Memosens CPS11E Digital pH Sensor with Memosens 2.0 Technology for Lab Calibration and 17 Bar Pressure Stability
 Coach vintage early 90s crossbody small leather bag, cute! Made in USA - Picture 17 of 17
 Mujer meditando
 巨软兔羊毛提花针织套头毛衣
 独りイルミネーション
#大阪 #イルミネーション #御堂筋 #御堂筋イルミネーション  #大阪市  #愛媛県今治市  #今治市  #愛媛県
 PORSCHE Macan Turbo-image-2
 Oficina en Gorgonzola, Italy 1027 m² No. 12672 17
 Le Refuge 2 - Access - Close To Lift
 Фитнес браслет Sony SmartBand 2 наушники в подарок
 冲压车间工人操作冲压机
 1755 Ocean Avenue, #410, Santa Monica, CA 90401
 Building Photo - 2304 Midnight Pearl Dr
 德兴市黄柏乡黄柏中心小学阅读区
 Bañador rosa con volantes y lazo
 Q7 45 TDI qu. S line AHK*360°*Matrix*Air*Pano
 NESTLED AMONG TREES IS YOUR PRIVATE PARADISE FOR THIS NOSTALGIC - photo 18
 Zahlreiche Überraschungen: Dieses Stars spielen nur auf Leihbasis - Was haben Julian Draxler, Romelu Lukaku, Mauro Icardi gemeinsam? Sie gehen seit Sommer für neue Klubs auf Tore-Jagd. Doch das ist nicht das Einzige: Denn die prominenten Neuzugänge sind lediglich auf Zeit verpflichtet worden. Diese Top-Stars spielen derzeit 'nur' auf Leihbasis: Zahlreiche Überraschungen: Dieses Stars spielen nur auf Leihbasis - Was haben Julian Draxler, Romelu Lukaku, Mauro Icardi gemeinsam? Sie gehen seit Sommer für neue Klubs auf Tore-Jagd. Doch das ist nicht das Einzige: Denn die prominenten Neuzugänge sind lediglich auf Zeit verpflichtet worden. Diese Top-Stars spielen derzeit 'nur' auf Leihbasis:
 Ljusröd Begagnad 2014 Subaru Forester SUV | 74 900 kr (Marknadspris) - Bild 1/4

=== Assigned task ===
Your task is to repeat each of the records above exactly.

=== Written answer ===
Memosens CPS11E Digital pH Sensor with Memosens 2.0 Technology for Lab Calibration and 17 Bar Pressure Stability
 Coach vintage early 90s crossbody small leather bag, cute! Made in USA - Picture 17 of 17
 Mujer meditando
 巨软兔羊毛提花针织套头毛衣
 独りイルミネーション
#大阪 #イルミネーション #御堂筋 #御堂筋イルミネーション  #大阪市  #愛媛県今治市  #今治市  #愛媛県
 PORSCHE Macan Turbo-image-2
 Oficina en Gorgonzola, Italy 1027 m² No. 12672 17
 Le Refuge 2 - Access - Close To Lift
 Фитнес браслет Sony SmartBand 2 наушники в подарок
 冲压车间工人操作冲压机
 1755 Ocean Avenue, #410, Santa Monica, CA 90401
 Building Photo - 2304 Midnight Pearl Dr
 德兴市黄柏乡黄柏中心小学阅读区
 Bañador rosa con volantes y lazo
 Q7 45 TDI qu. S line AHK*360°*Matrix*Air*Pano
 NESTLED AMONG TREES IS YOUR PRIVATE PARADISE FOR THIS NOSTALGIC - photo 18
 Zahlreiche Überraschungen: Dieses Stars spielen nur auf Leihbasis - Was haben Julian Draxler, Romelu Lukaku, Mauro Icardi gemeinsam? Sie gehen seit Sommer für neue Klubs auf Tore-Jagd. Doch das ist nicht das Einzige: Denn die prominenten Neuzugänge sind lediglich auf Zeit verpflichtet worden. Diese Top-Stars spielen derzeit 'nur' auf Leihbasis: Zahlreiche Überraschungen: Dieses Stars spielen nur auf Leihbasis - Was haben Julian Draxler, Romelu Lukaku, Mauro Icardi gemeinsam? Sie gehen seit Sommer für neue Klubs auf Tore-Jagd. Doch das ist nicht das Einzige: Denn die prominenten Neuzugänge sind lediglich auf Zeit verpflichtet worden. Diese Top-Stars spielen derzeit 'nur' auf Leihbasis:
 Ljusröd Begagnad 2014 Subaru Forester SUV | 74 900 kr (Marknadspris) - Bild 1/4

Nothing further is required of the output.